The installation will run pre-checks to validate the prerequisites. If the cluster_manager_url is not specified in the dsxhi_install.conf file, then the pre-checks on the proxyuser settings will not be performed.

After a successful installation, the necessary components (Hadoop registration gateway service and Hadoop registration rest service) and optional components (Livy for Spark and Livy for Spark 2) will be started. The component logs are stored in /var/log/dsxhi, /var/log/livy, and /var/log/livy2. The component PIDs are stored in /var/run/dsxhi, /var/run/livy, /var/run/livy2, and /opt/ibm/dsxhi/gateway/logs/.

To add cacert to the Hadoop registration rest service, go to the /opt/ibm/dsx/util directory on the edge node and run the add_cert.sh script with the server address, for example, bash add_cert.sh https://master-1.ibm.com:443.

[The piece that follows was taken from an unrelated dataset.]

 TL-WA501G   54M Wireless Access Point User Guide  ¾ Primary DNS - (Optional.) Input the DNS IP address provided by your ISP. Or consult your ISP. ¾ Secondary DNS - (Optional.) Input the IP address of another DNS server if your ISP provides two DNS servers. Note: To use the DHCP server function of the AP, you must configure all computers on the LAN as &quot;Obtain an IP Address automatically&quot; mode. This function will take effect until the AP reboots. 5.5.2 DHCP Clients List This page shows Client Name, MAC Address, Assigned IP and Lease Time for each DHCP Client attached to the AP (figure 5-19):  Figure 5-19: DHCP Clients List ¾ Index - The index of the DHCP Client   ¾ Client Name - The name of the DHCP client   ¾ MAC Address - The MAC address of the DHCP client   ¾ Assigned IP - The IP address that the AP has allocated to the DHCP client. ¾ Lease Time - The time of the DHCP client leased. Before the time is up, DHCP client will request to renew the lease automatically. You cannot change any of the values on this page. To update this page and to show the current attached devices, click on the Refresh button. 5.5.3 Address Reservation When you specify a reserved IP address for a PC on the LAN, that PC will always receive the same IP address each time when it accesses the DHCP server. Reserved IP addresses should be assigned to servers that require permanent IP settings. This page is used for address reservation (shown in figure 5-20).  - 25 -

Manage the Hadoop registration service
Periodically, the Hadoop admin must manage the Hadoop registration service. These tasks include:
Check status of the Hadoop registration service
In /opt/ibm/dsxhi/bin, run ./status.py to check the status of Hadoop registration gateway, Hadoop registration rest server, Livy for Spark and Livy for Spark services.
Start the Hadoop registration service
In /opt/ibm/dsxhi/bin, run ./start.py to start the Hadoop registration gateway, Hadoop registration rest server, Livy for Spark and Livy for Spark services.
Stop the Hadoop registration service
In /opt/ibm/dsxhi/bin, run ./stop.py to stop the Hadoop registration gateway, Hadoop registration rest server, Livy for Spark and Livy for Spark services.
Add certificates for SSL enabled services
If the WebHDFS service is SSL enabled, the certificates of the nodemanagers and datanodes should to be added to the Hadoop registration gateway trust store. In /opt/ibm/dsxhi/bin/util, run ./add_cert.sh https://host:port for each of the nodemanagers and datanodes to add the certificates to Hadoop registration gateway trust store.
Manage Watson Studio Local for Hadoop registration

To maintain control over the access to a Hadoop registration service, a Hadoop admin needs to maintain a list of known Watson Studio Local clusters that can access the Hadoop registration service. A Watson Studio Local cluster will be known by its URL, which should be passed in when adding to or deleting from the known list. A Hadoop admin can add (or delete) multiple Watson Studio Local clusters to the known list by passing in a comma separated list of Watson Studio Local cluster. Irrespective of the order in which the arguments for add and delete are specified, the deletes are applied first and then the adds.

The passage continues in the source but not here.